Anti-Terrorism Review Reform: Some Considerations
In mid-July, the UK government announced its intention to abolish the Independent Reviewer of Terrorism Legislation – the office tasked to review the UK’s anti-terrorism laws – and replace it with a new Privacy and Civil Liberties Board. There is some merit in this proposed reform. A panel of reviewers could mitigate some of the problems in the existing system of review. The current Independent Reviewer, David Anderson QC is, for example, overburdened with the number of laws he is tasked – as an individual – to review. However, if it is to improve on these deficiencies, the Privacy and Civil Liberties Board must be established according to best practices in government oversight.
The government has not yet outlined the structure of the new Board. This is something which it must give serious consideration. A panel of reviewers presents a number of problems not found in the current system. How many people will sit on the Board? Will each member have equal weight? What will be the process if the Board cannot agree? Can individual members write dissenting reports? Recommendations reached by consensus could mean compromise and a decline in the quality of the review. However, a system in which the publication of multiple opinions is allowed could have the same result; indecision will offer scope to the government to adopt the reforms it prefers, rather than the ones which might be most necessary.
The government will also need to consider how it appoints the Board. Anderson was appointed by the Home Secretary in a process which he has described as ‘intriguing, if indefensible’. Since then, he has succeeded in making the appointment process more transparent. Future Independent Reviewers were to be chosen by Ministers in ‘an open, fair and merit-based process’ from a ‘list of appointable candidates’. This should be the minimum appointment procedure for members of the new Board. A more preferable process would be to advertise the position in an open competition. The government also needs to think about the length of term and re-appointment procedures. The Independent Reviewer is appointed for three years, renewable up to a period of ten years. Three years is a very short period of time for new appointees to get aboard such a complex area of law. The government might instead give consideration to establishing a system of rolling appointments for non-renewable five year periods.
The government will then need to consider the Board’s terms of reference. As it stands, the Board will be required to advise the government on whether anti-terrorism legislation ‘is sufficient to meet the threat and adequately takes account of privacy and liberty concerns.’ Given recent revelations about the extent to which government agencies have infringed citizens’ right to privacy, it is perhaps understandable that this has been prioritised. However, some of the UK’s anti-terrorism laws, such as those which impose Terrorism Prevention and Investigation Measures on persons only suspected (but not convicted) of terrorist behaviours, pose a far greater challenge to other traditional rights.

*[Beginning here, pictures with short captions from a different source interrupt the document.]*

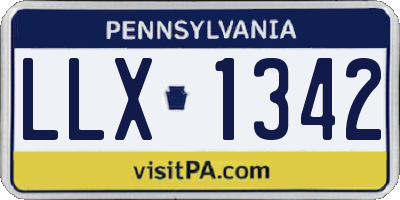 PA license plate LLX1342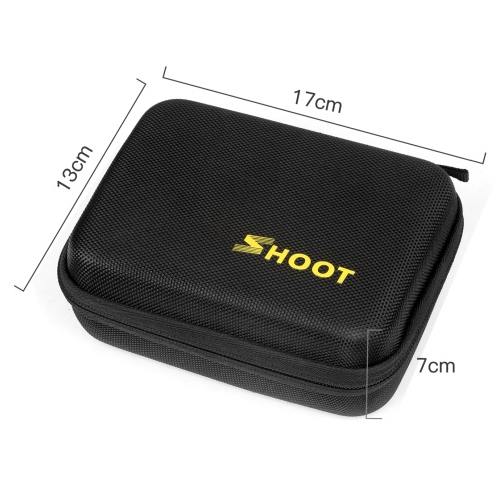 SHOOT Large Portable PU Waterproof Carrying Case for GoPro Hero 9 8 7 5 SJCAM Xiaomi Yi 4k Eken h9 Camera Box Go Pro 8 Accessory: Small Box (LOGO)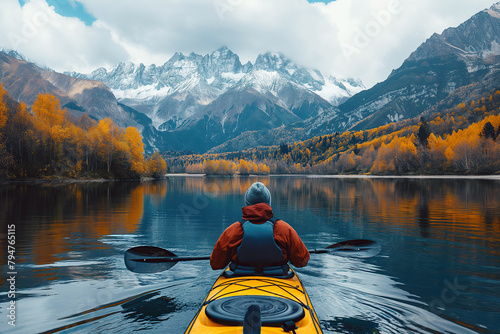 back of kayaker kayaking on lake with a landscape of mountains and forests in autumn © alexkoral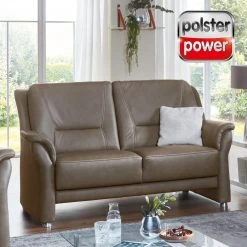 polsterpower 2,5-Sitzer-Ledersofa - greystone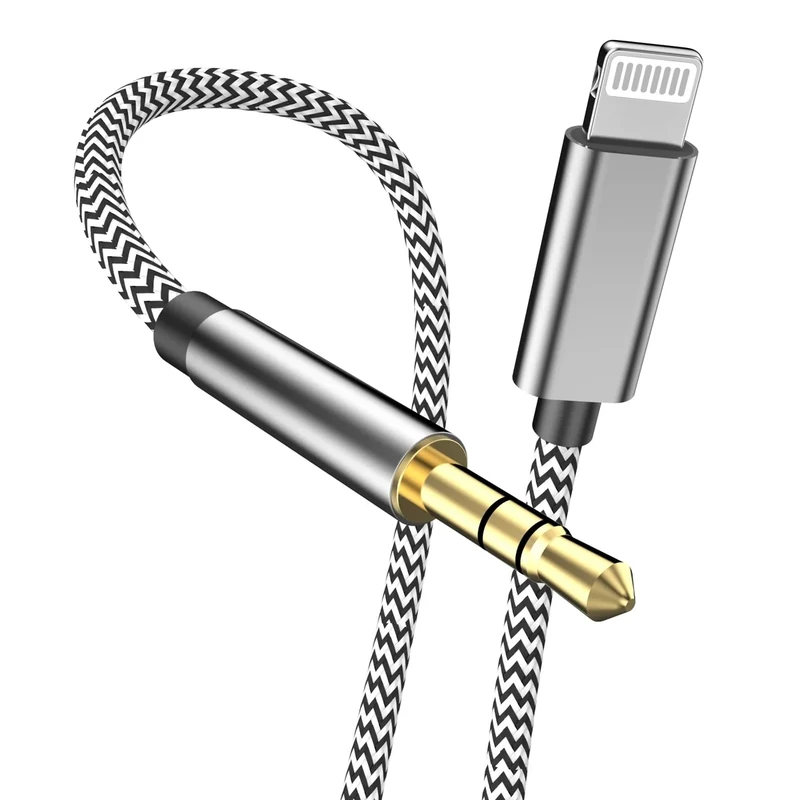 [Apple MFi Certified] iPhone Aux Cord for Car, Lightning to 3.5 mm Headphone Jack Adapter Nylon Braided Audio Stereo Cable for iPhone 14 13 12 11 XS XR X 8 to Car Home Stereo Speaker Headphone, Silver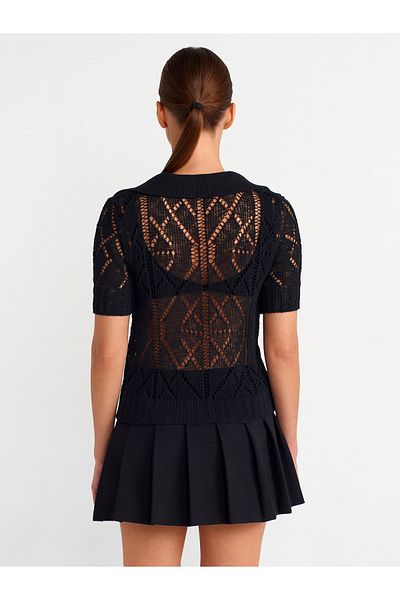 Dilvin 10565 Pulover tricotaj ajurat cu gât polo-negru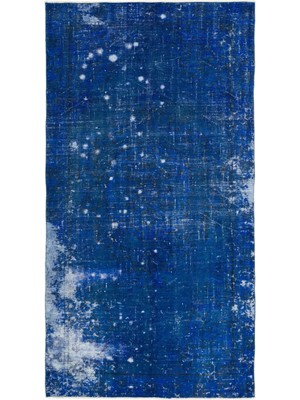 Bespoky 144x271 cm Bej Mavi Eskitme Vintage Soyut Halı | Salon Yatak Odası Halısı | UNİQUE-17061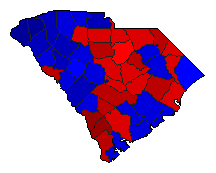 1994 South Carolina County Map of General Election Results for Lt. Governor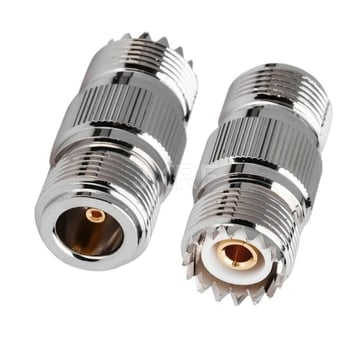 JX коаксиален конектор N към UHF адаптер, мъжки/женски, 1 проводник, медни контакти, PTFE изолация, за мрежова комуникация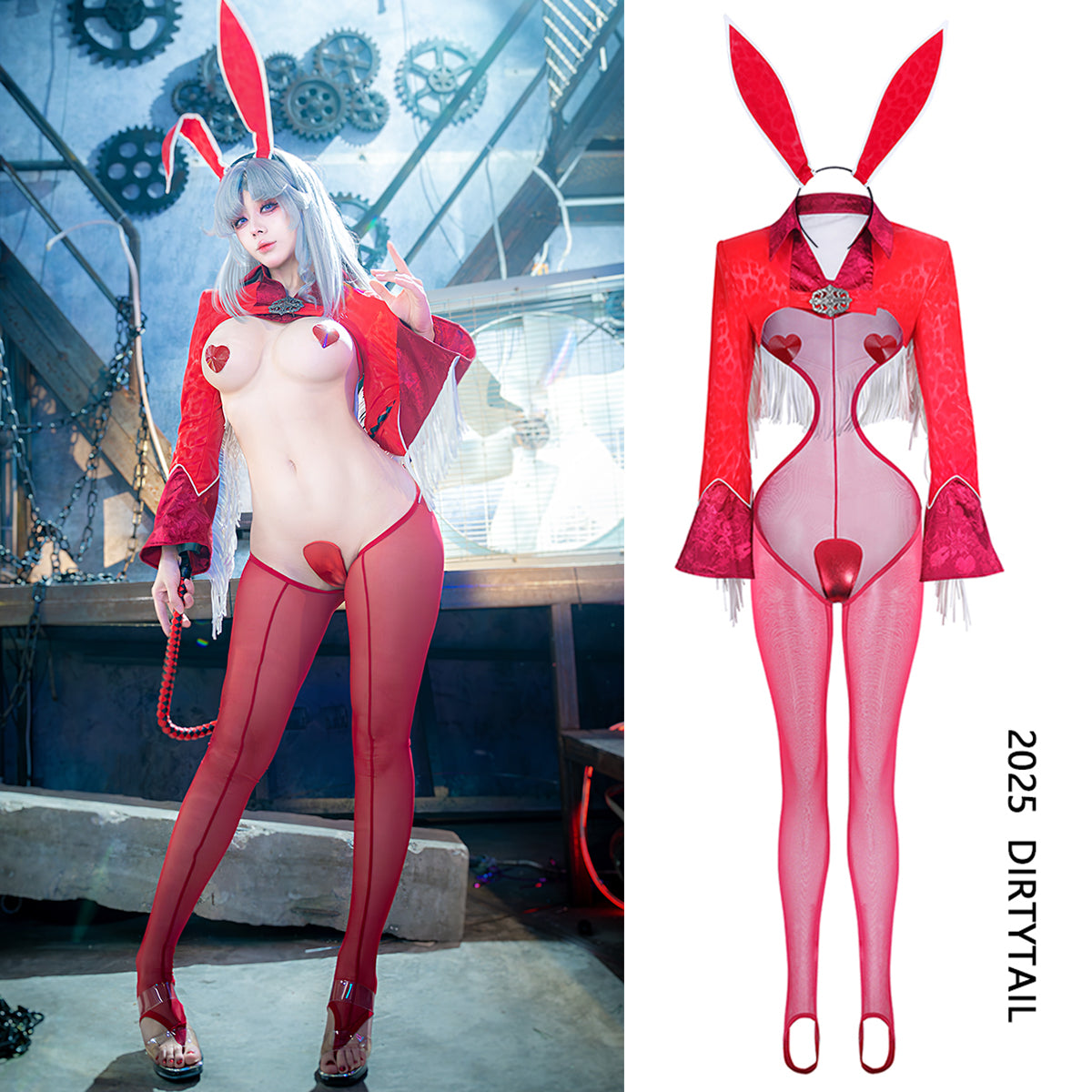 官能的な赤の過激セクシー逆バニーコスプレ5点セット【得体社】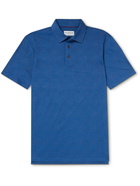 Purdey - Cotton-Piqué Jacquard Polo Shirt - Blue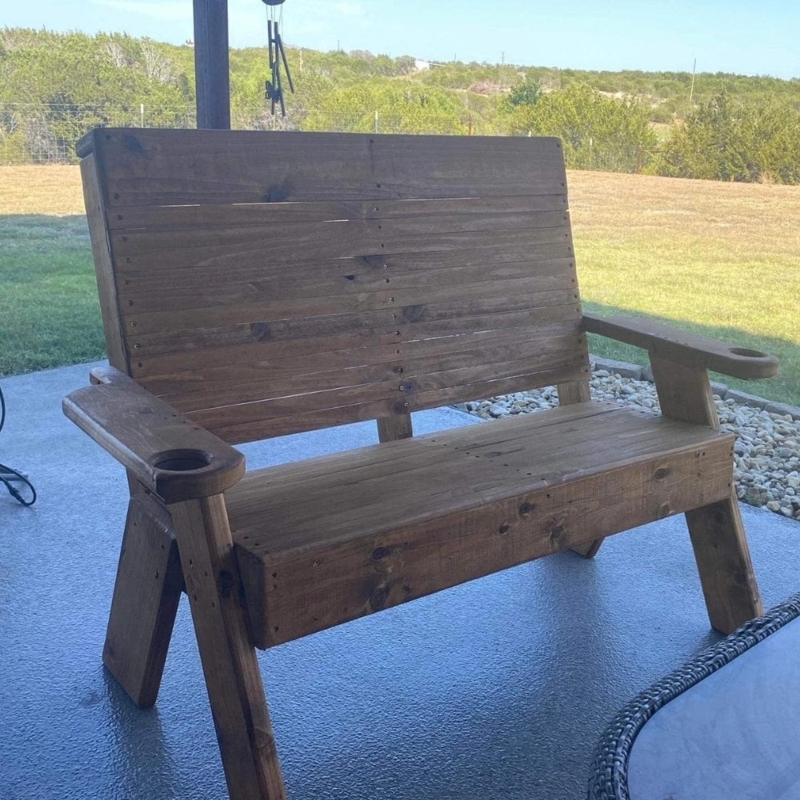 Outdoor Bench with Cup Holder Arms and High Backrest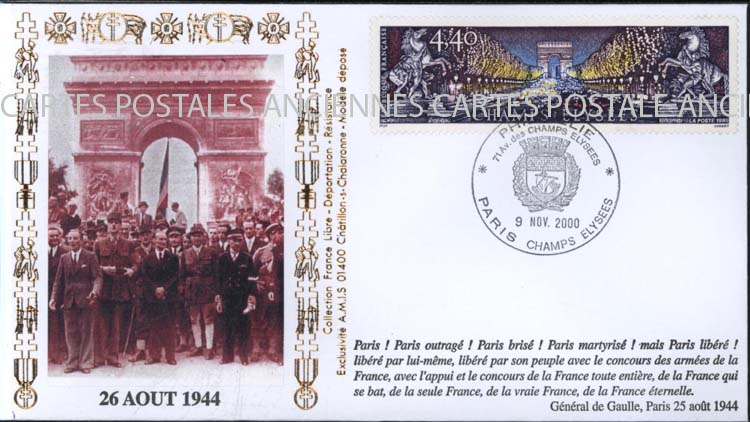 First day postage stamps De gaulle 2000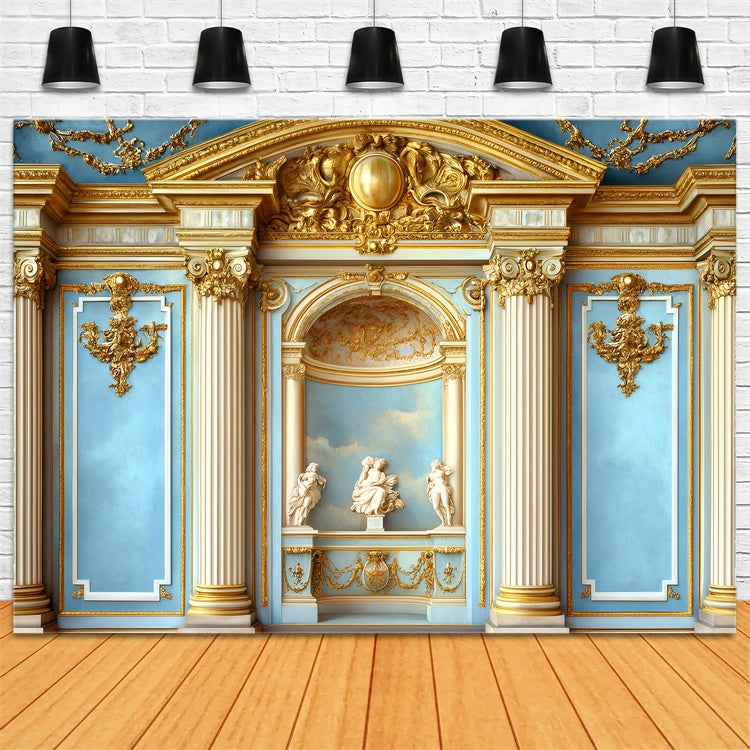 Vintage Wall Backdrop Ornate Columns Blue Wall Vintage Backdrop UK GQ4-322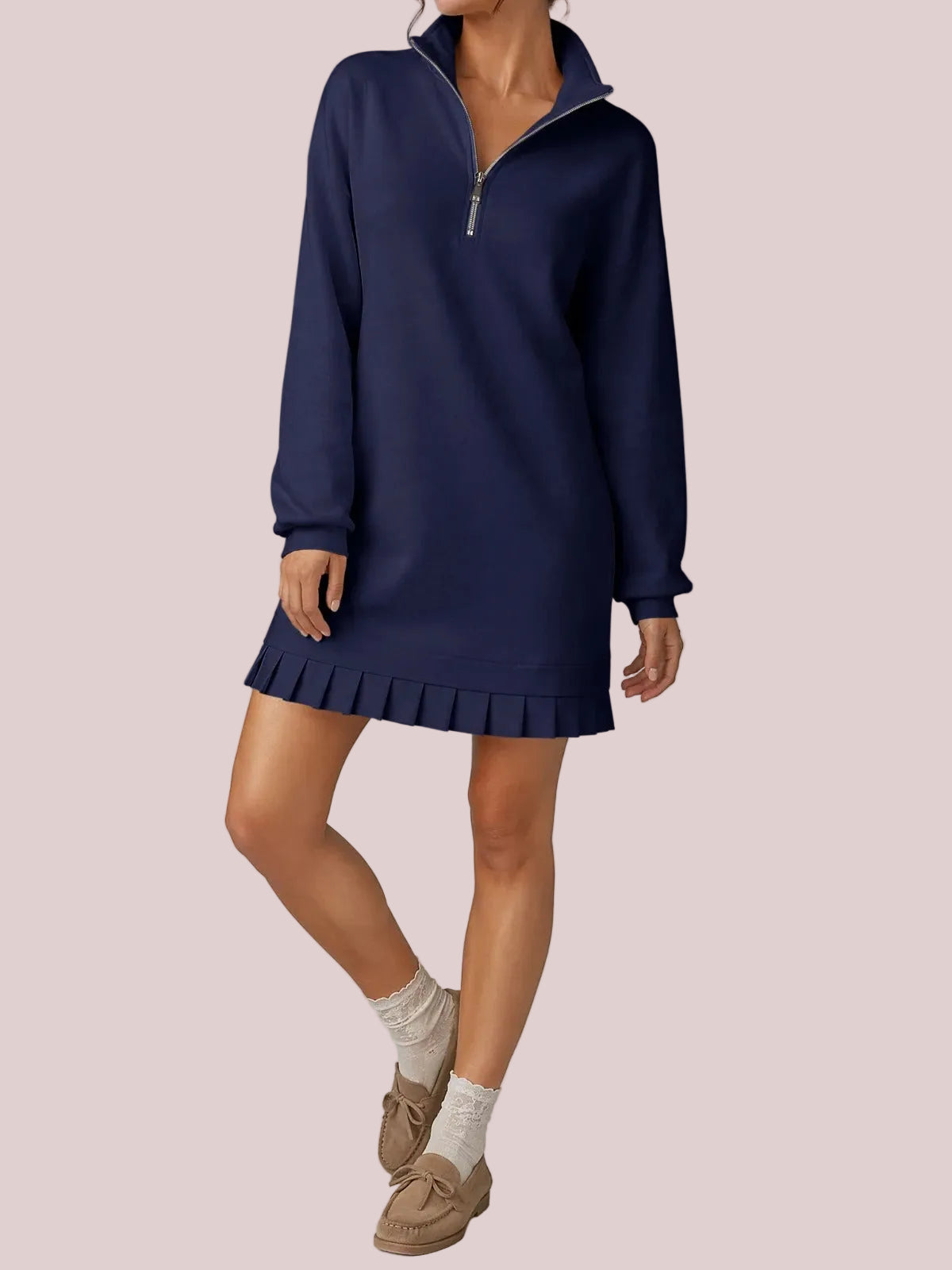 Women's Half Zip Sweatshirt Dress with Pleated Hem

The government will also need to think about what powers the Board will require. In order to be meaningful, a review must have full access to all relevant information. The Independent Reviewer currently has no statutory power to access material from the intelligence and security services or the government, however according to Anderson, it has been granted on trust, based on the establishment of strong relationships between the reviewer and those agencies. Anderson has suggested that for the same access to be granted to the Board, it will need to be ‘backed both by watertight statutory guarantees and by the full institutional cooperation of agencies’.
Finally, the government needs to consider the Board’s reporting requirements. Currently, the government must table the Independent Reviewer’s reports to the parliament ‘on receipt’. The government may delay publication of the reports for only enough time to ensure that they contain no information which, if disclosed, might prejudice national security. Whilst disclosure is a legitimate concern, the procedure for determining national security information must be transparent. The government should not have final censorship over the new Board’s reports. Additionally, the government should be required to provide an official response to the Board, particularly where laws are not subject to annual renewal and parliamentary debate.
These are just some of the factors which will need to be considered when the government proposes its new Privacy and Civil Liberties Board. Otherwise, we will be worse off than the current system of independent review.